Clearly, the different stages can play different roles; they may specialize in feeding, or dispersal, or settling, or (in what we call adults) reproduction. A feeding stage like a caterpillar may be efficient at feeding but have limited mobility, making it hard to find mates. So a mobile dispersal phase — such as a butterfly — could be more effective in reproduction.
In addition, perhaps one stage might have found a way to exploit some different, rich food source that allows faster growth, maybe achieving reproductive status more quickly. Also, if immature and mature stages have different diets or habitats, there is less competition between them, possibly enhancing survival. Different stages could be exposed to different predators or diseases.
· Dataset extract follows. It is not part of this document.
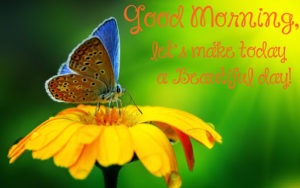 Good Morning Friends 4K Quotes with Butterfly Images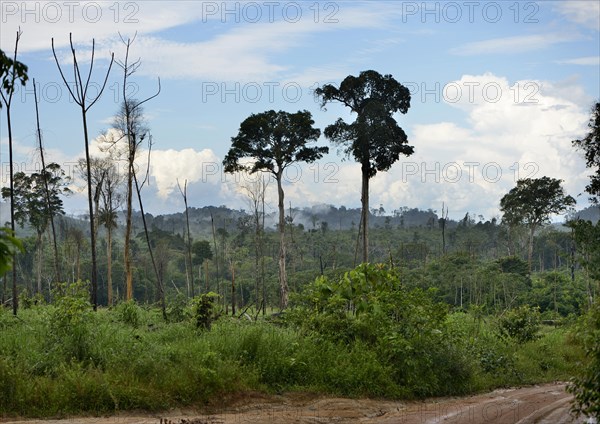 Rainforest a few months after a fire clearing and logging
If the threats are stage-dependent, such species might escape the possibility of species-wide devastation, by differing in behavior or habitat. However, we are left with lots of conjecture and little concrete documentation.
Complex life cycles are very common, but what about the animals that have direct development? That, too, is a successful way of life for some species — we see it in the abundance and diversity of reptiles, birds, and mammals. Furthermore, within some taxonomic groups, certain lineages have lost one metamorphic stage although their close relatives retain them. For instance, although most amphibians have complex life cycles, some salamanders have given up the adult form and reproduce in their larval form. Females (but not males) of a few species of flies and beetles have no typical adult stage, but reproduce in larval form. Among the molluscs, pulmonate snails generally have direct development: an egg produces not a larva, but a mini-snail. In these critters, one body form accomplishes all the activities performed by multiple stages in complex life cycles. All of these animals are apparently successful too.
But what were the ecological and historical situations that led to the evolution of such different life histories? There is a lot to wonder about!
• Mary F. Willson is a retired professor of ecology. “On The Trails” appears every Wednesday in the Juneau Empire.